The Forum was marked by its attention to political processes. Three former Prime Ministers, David Cameron (UK), Sir John Key (New Zealand), and Enda Kenny (Ireland), and H.E. Graça Machel, a notable stateswoman and international advocate for women and children, gave keynote speeches and participated actively in Forum discussions. Prime Minister Abe’s greeting to Forum participants was featured in the Program. Two senior Japanese political leaders representing the Prime Minister spoke at the Forum: Koichi Hagiuda, Member of the House of Representatives and Executive Acting SecretaryGeneral, LDP, and Katsuei Hirasaw, Member of the House of Representatives, Acting Chairperson of General Counsel, LDP.
Religious leaders who addressed the Forum included Pope Francis and Ecumenical Patriarch Bartholomew (via messages), Lord Carey of Clifton (103rd Archbishop of Canterbury), Sulak Sivaraksa, Bishop Gunnar Stålsett, Elder Gerrit W. Gong, and many others, representing a broad spectrum of faith traditions and nationalities.
A full list of speakers and panelists can be found here.
Recommendations.
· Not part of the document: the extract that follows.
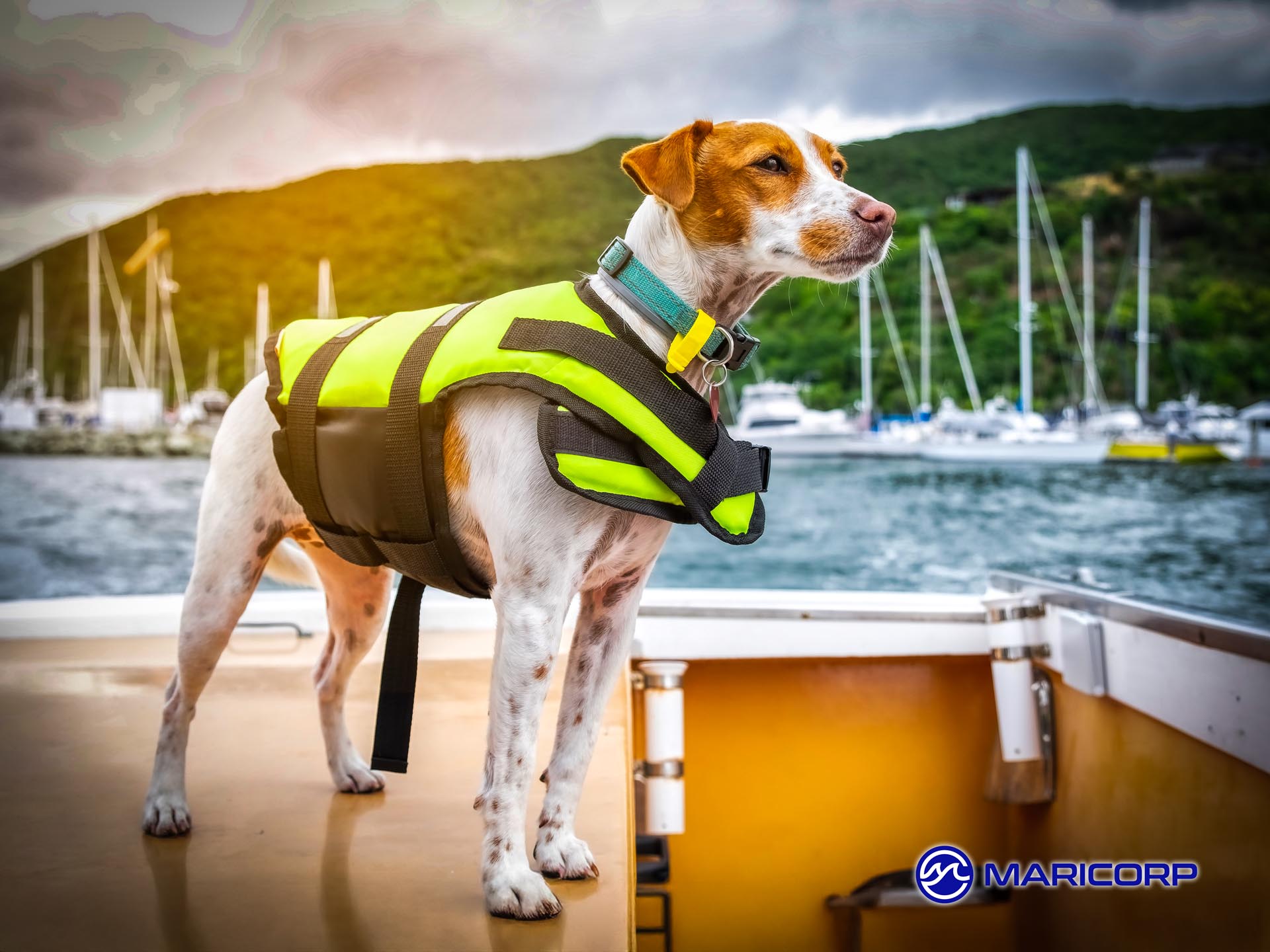 Take Your Dog to Work Day 2025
The G20 Interfaith Association aims to develop robust processes to prepare appropriate formal recommendations over time. A primary objective of the annual Forum is to advance discussion and dialogue processes that bring diverse expertise and experience together to generate creative ideas, and to establish a setting from which practical ideas and policy recommendations can emerge. Many participants attend in their individual capacity, without authorization to commit their states or organizations to particular policy perspectives. Those who participate can support various recommendations they view as being particularly significant.
The following recommendations represent major concerns that emerged from the 2019 G20 Interfaith Forum and reflect the collective wisdom of the extraordinary group that gathered in Tokyo. The first five topics were also presented as a set of Core Recommendations, which were transmitted to Prime Minister Shinzō Abe ahead of the G20 Osaka Summit. Several recommendations are backed by more detailed policy briefs (presented as appendices and available here). For several important topics where work is underway, further review is recommended.
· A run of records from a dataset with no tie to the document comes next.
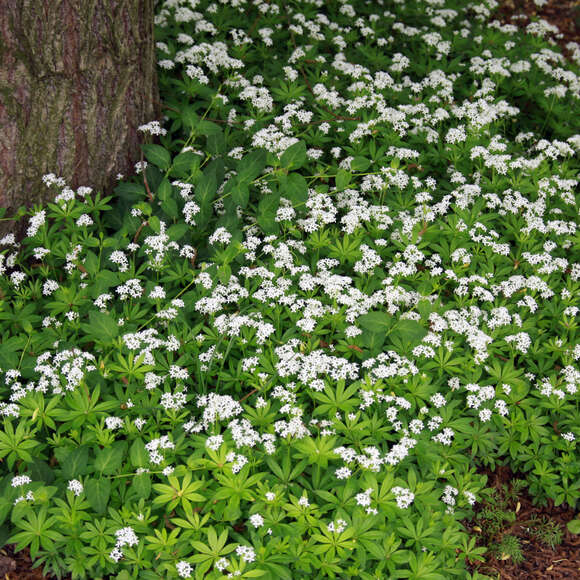 Galium odoratum: Bild 3/8 Galium odoratum: Bild 3/8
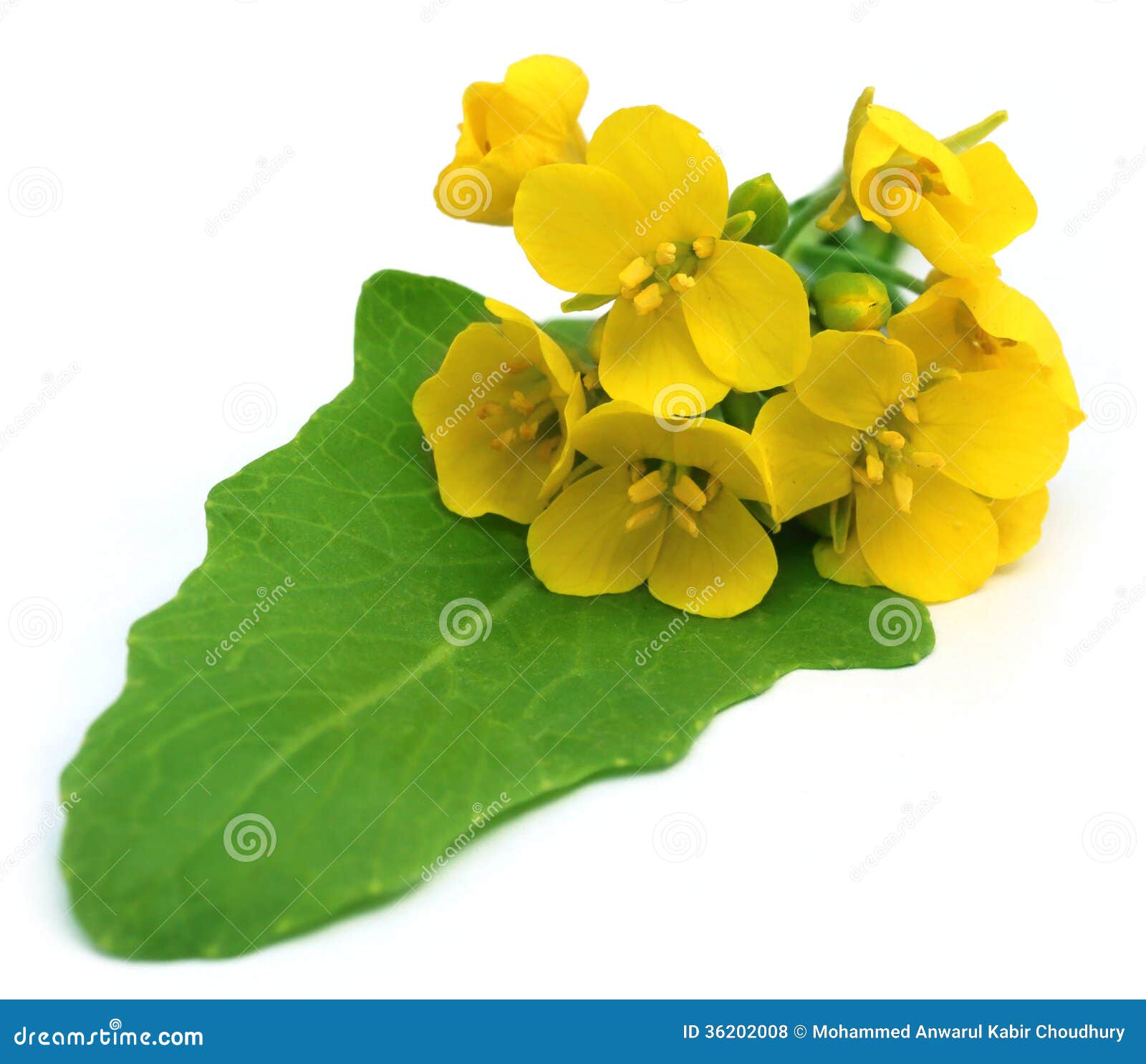 Bunch of Edible Mustard Flowers Stock Photo Image of flowers, bunch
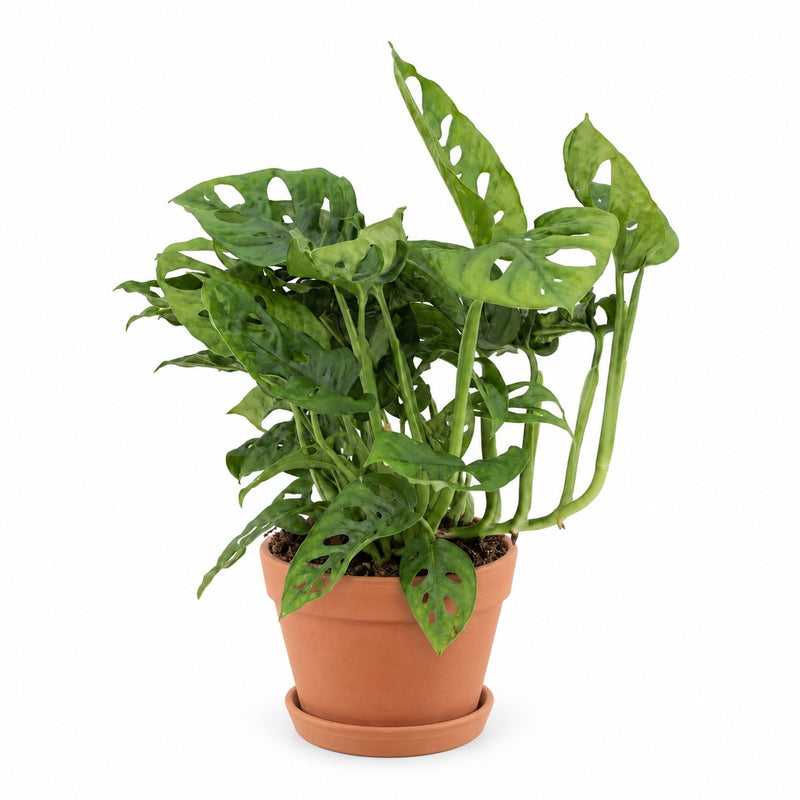Monstera Adansonii - 30cm (Ø12cm) Detail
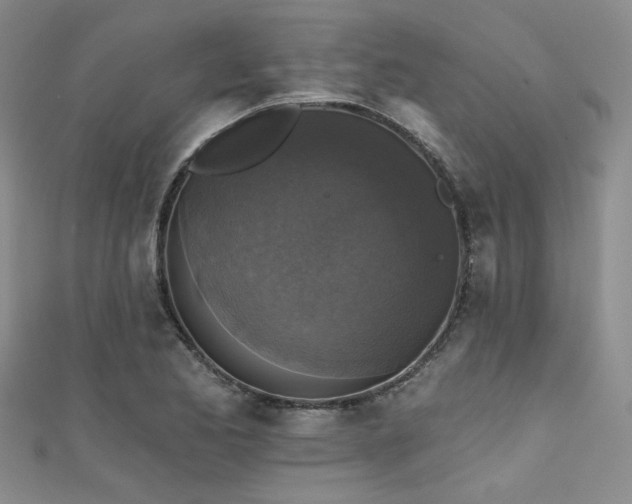 X0000111481173200907141211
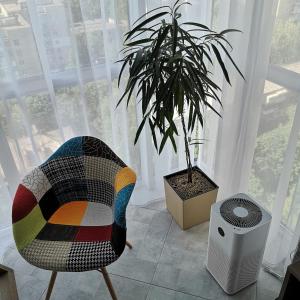 a chair and a plant in a room with a window at ACCOMMODO192 in Dnipro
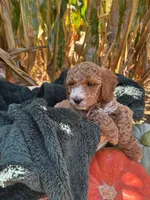 Rufus, a male Miniature Goldendoodle for sale in Bridgewater, VA – 3 of 4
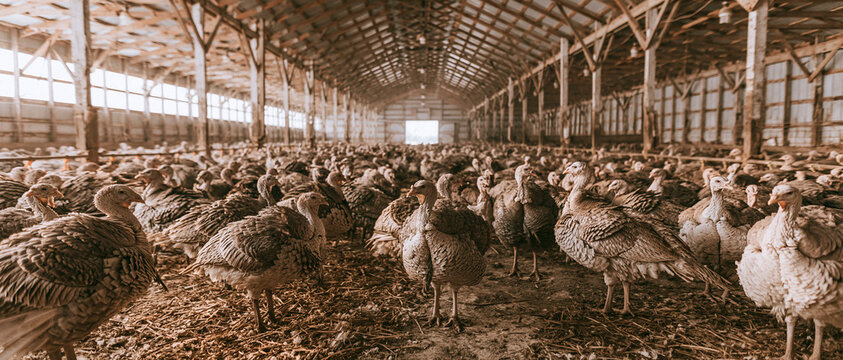 Organic Turkey Farming in Rustic Barn: Poultry Care and Sustainable Agriculture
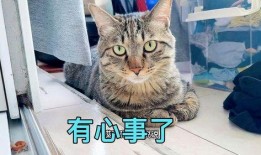 娱乐吃瓜小猫咪视频大全,盘点全网最火的吃瓜小猫咪视频合集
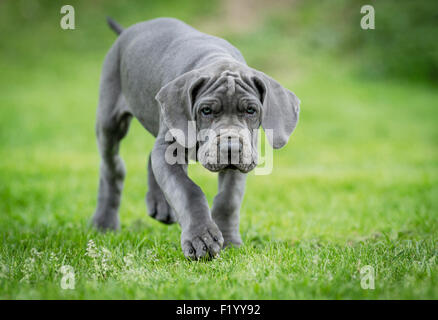 Super Dane. Chiot marchant sur une pelouse Allemagne Banque D'Images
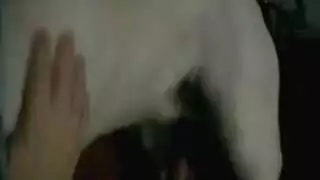 جنس حيواني خام مع مطلقة ناضجة مثيرة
Policy Recommendations for the G20 Osaka Summit following the G20 Interfaith Forum 2019
‘Peace’ is a widely shared primary objective that both underpins and transcends all other topics. This theme was echoed throughout the Forum plenary sessions and notably in working sessions 2a (“The Diplomacy of Religious Peacebuilding”), 3d (“Religious Cultural Heritage”), 4a (“Peacebuilding in Practice”), 4e (“Institutional Challenges: Governments Engaging Religion”) and 5a (“Interfaith and Intercultural Dialogue for Action”). Discussions centered around expanding the definitions of ‘religious diplomacy’ and ‘religious peacebuilding,’ and re-defining Countering Violent Extremism (CVE) in ways that are inclusive and that promise to foster significant dialogue and cooperation.
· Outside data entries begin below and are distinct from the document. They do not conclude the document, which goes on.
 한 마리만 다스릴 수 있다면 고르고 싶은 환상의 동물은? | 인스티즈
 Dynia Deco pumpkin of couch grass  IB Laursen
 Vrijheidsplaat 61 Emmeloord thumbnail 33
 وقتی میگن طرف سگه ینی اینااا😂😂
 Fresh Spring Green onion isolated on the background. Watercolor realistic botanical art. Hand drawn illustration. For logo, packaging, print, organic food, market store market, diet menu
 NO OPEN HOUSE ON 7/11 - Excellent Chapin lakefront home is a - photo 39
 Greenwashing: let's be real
1.1 Create spaces for dialogue and peaceful interactions that can enhance respect for diversity and inclusion.
1.2 Reframe the discourse focused on countering violent extremism (CVE) that unduly emphasizes religion as a source of conflict.
1.3 Increase the capacity of religious peacemakers and involvement of religious actors in peacebuilding, with heightened awareness of the various roles that religious actors can play and an emphasis on inclusion of actors often excluded by formal religious authorities and official institutions, including women, young people, and traditionalist faith actors.
Further Review Recommended:
Explicitly address questions of how governments and religious institutions can engage one another through a multi-stakeholder task force that includes economic, political, and religious actors, to report to the 2020 G20 Summit with action recommendations. Further discuss the role that NGOs and other secular civil society actors can play in engaging and bridging policymakers and governments with religious actors.
Brief: “Religious Actors Addressing Extremism and Violence: Sharpening the Focus”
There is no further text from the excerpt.